演習2: ディスク容量不足のシミュレーション

[実行ユーザー: 一般ユーザー]

# 1. 大きなファイルを作成(学習環境でのみ実行)
$ dd if=/dev/zero of=~/bigfile bs=1M count=500

# 2. ディスク容量を確認
$ df -h

# 3. 原因を特定
$ du -sh ~/*

# 4. ファイルを削除
$ rm ~/bigfile

# 5. 容量を確認
$ df -h

8.10.2 ログから原因を特定する思考プロセス

以下のログを見て、何が起きているか考えてみましょう。

Jan 15 14:30:00 server1 sshd[5678]: Failed password for invalid user admin from 203.0.113.50 port 54321 ssh2
Jan 15 14:30:05 server1 sshd[5679]: Failed password for invalid user admin from 203.0.113.50 port 54322 ssh2
Jan 15 14:30:10 server1 sshd[5680]: Failed password for invalid user admin from 203.0.113.50 port 54323 ssh2
Jan 15 14:30:15 server1 sshd[5681]: Failed password for invalid user root from 203.0.113.50 port 54324 ssh2
Jan 15 14:30:20 server1 sshd[5682]: Failed password for invalid user test from 203.0.113.50 port 54325 ssh2

分析

  • 同じIPアドレス(203.0.113.50)から5秒間隔でアクセス
  • 存在しないユーザー(admin, root, test)でログイン試行
  • すべて「Failed password」(パスワード認証失敗)

結論

これはブルートフォース攻撃(総当たり攻撃)の兆候です。
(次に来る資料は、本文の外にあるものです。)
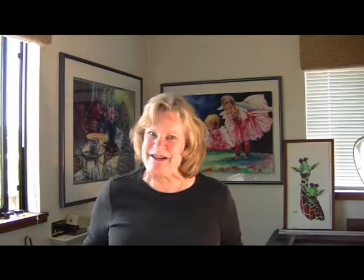Welcome back to the studio. Today we're going to talk about watercolor paper. I use 300 pound cold press because of its durability and user-friendly nature. Lighter paper requires stretching, which entails soaking your paper in water for 20 minutes.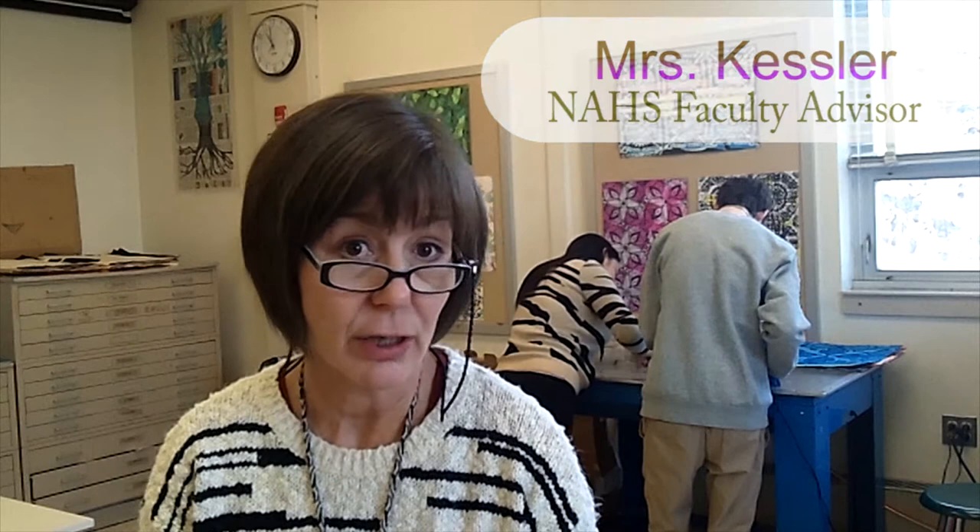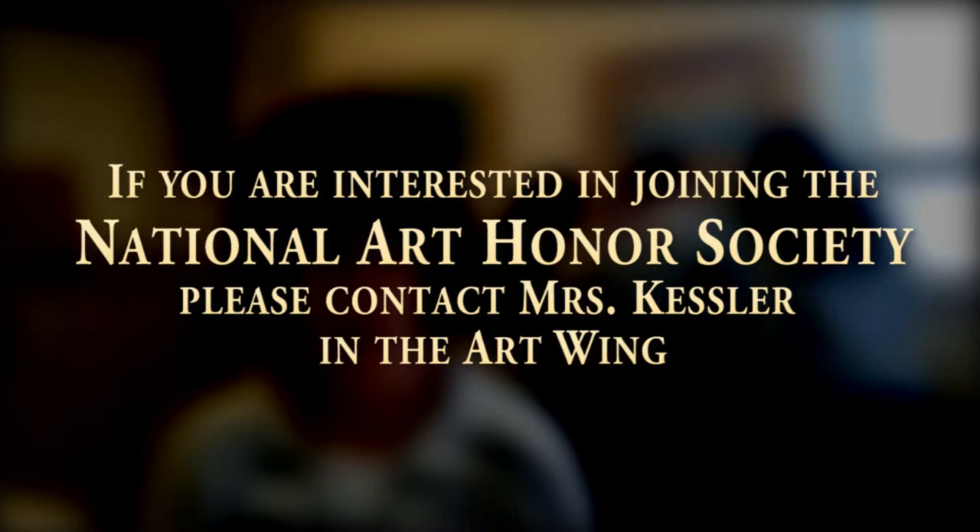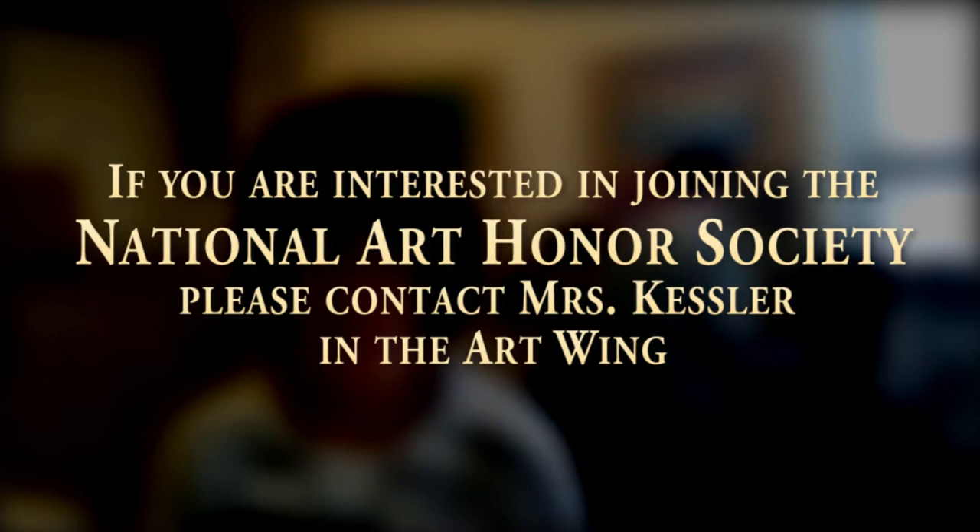To be a member of the National Art Honor Society, we are looking specifically for art scholarship, service, and character. Students should have outstanding art ability in the visual or fine arts, a strong moral character, and a willingness to use their art to inspire others. They need a GPA of 3.5 in their art classes and a 2.7 GPA overall. Those are the requirements to be an NAHS member.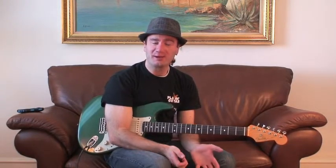This is Jacques with BluesGuitar.com. Today I want to talk about the dominant seventh scale.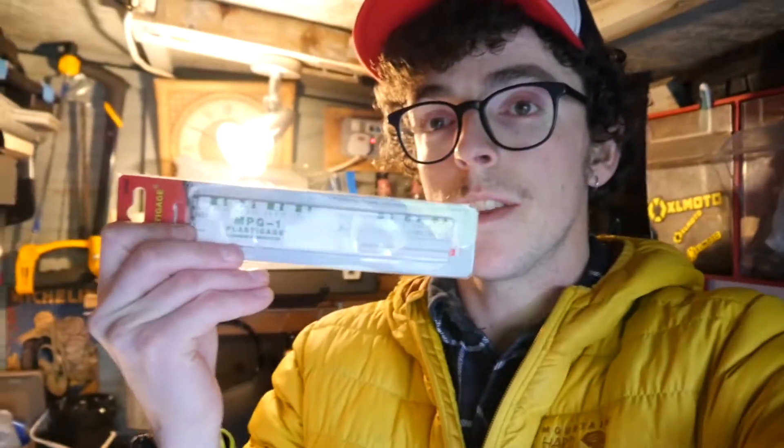Hello, welcome to the Sugarly Shed for an episode on Plasti-Gage. This is just a wee short episode, and it's just going to focus in on the process that I'm about to go through of measuring the journals and the oil clearances in the crankcase of the GS500 engine I'm rebuilding, using this stuff.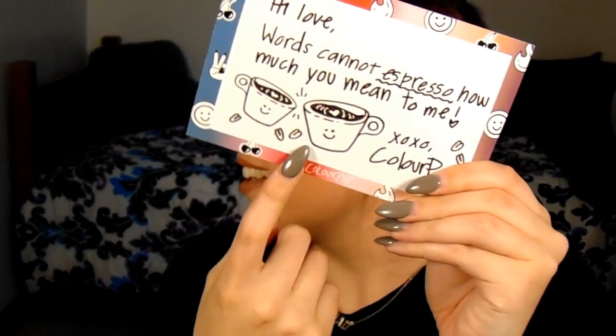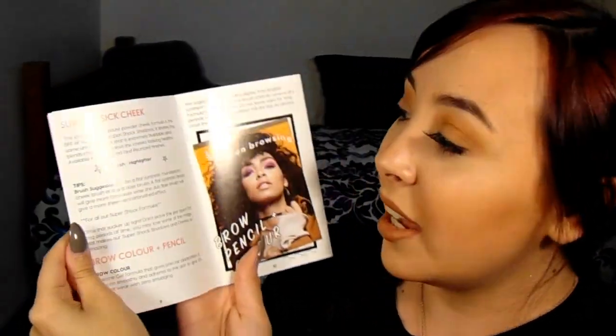When you first order from Colourpop, they always send you a really cute note. Mine just says 'hi love, words cannot espresso how much you mean to me,' and they drew cute little cups. They also give you a little brochure on how to do every look and how to wear their ultra metallic lip, their ultra satin lip — it tells all about their products.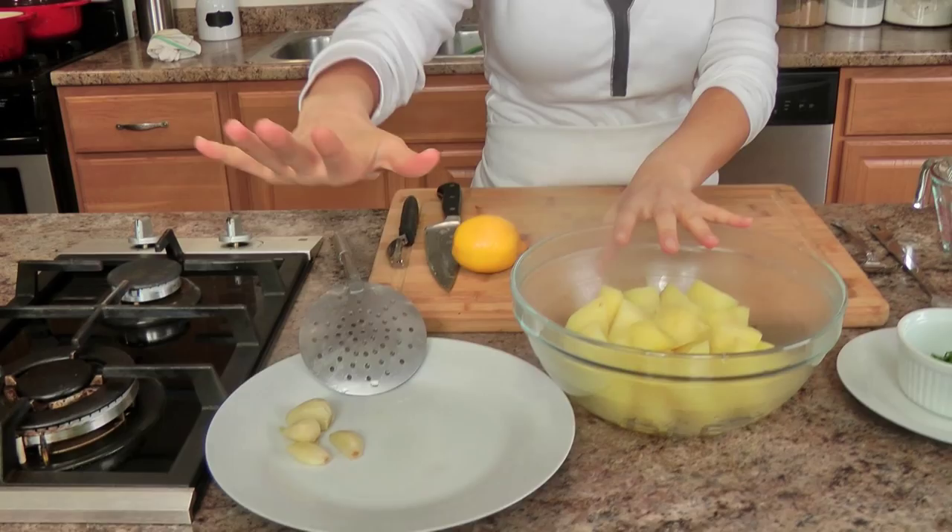My potatoes cooked for 15 minutes exactly. I've fished out the garlic cloves — they've done their job, infusing the potatoes in a really subtle way, which I love. I've already been snacking on some because I can't help myself. They're sitting here drained but still warm, which is exactly what I want.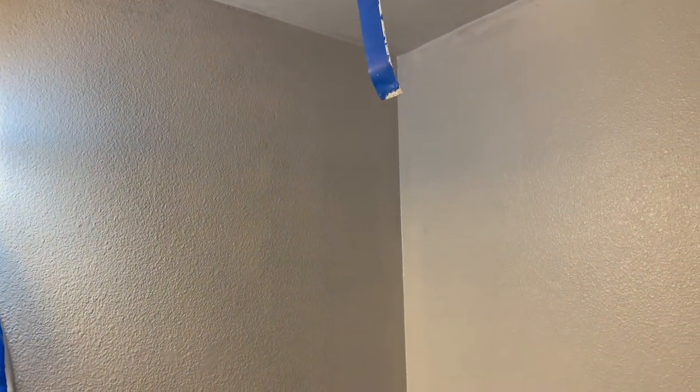We've got the ceiling done as well, and oh my goodness, this room looks larger and just so much brighter. What an improvement on this small powder room! I'll be back again to show you the second coat and how it looks.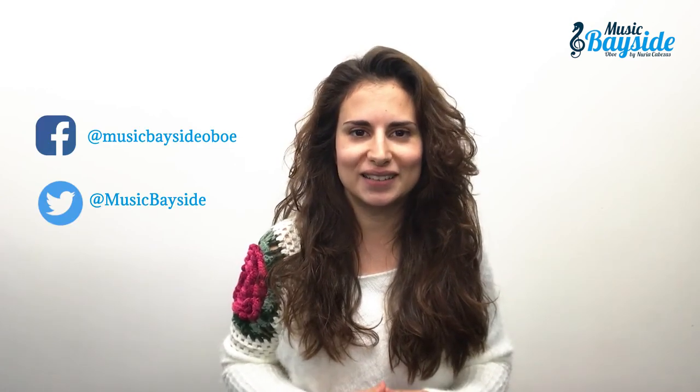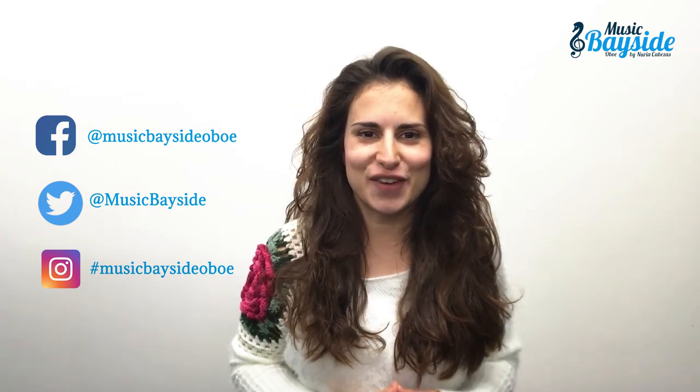This was all for today. I remind you that on the channel you will have a new video every week and that you can leave in the comments here below your suggestions about the content you would like to see. I will keep that in mind. Share it if you like it and subscribe to the YouTube channel to get the notifications about the new videos. You can also follow me on my social networks like Facebook, Twitter and Instagram. I'll see you very soon in the next video. Bye!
対策としては、fail2banの導入、パスワード認証の無効化(公開鍵認証のみ)、IPアドレスのブロックなどが考えられます。

8.10.3 問題解決後の検証方法

問題を解決したら、必ず以下を確認します。

  1. サービスの状態: systemctl statusでactive (running)を確認
  2. ログのエラー: journalctl -p errでエラーがないことを確認
  3. 機能テスト: 実際にサービスが動作することを確認(curlでアクセスなど)
  4. リソース: CPU、メモリ、ディスクが正常範囲内であることを確認

8.10.4 再発防止策の検討

問題が解決したら、同じ問題が再発しないよう対策を講じます。

  • 設定ミス: 変更前のバックアップ、構文チェックの習慣化
  • ディスク容量: ログローテーション設定、監視の追加
  • ネットワーク: 冗長化、監視の追加
  • セキュリティ: fail2banの導入、定期的なログ監視

8.10.5 ドキュメント化の重要性

発生した問題と解決策は必ず記録しておきましょう。

記録すべき内容

  • 発生日時
  • 症状(何が起きたか)
  • 影響範囲(どのサービスに影響したか)
  • 原因
  • 解決手順
  • 再発防止策

この記録は、将来同じ問題が発生したときに役立ちます。また、チームでの知識共有にも重要です。


【コラム7】ログを読まずに5時間無駄にした話

入社2年目の頃の話です。

ある日の午後、先輩から「開発環境のWebアプリが動かないんだけど、見てくれない?」と頼まれました。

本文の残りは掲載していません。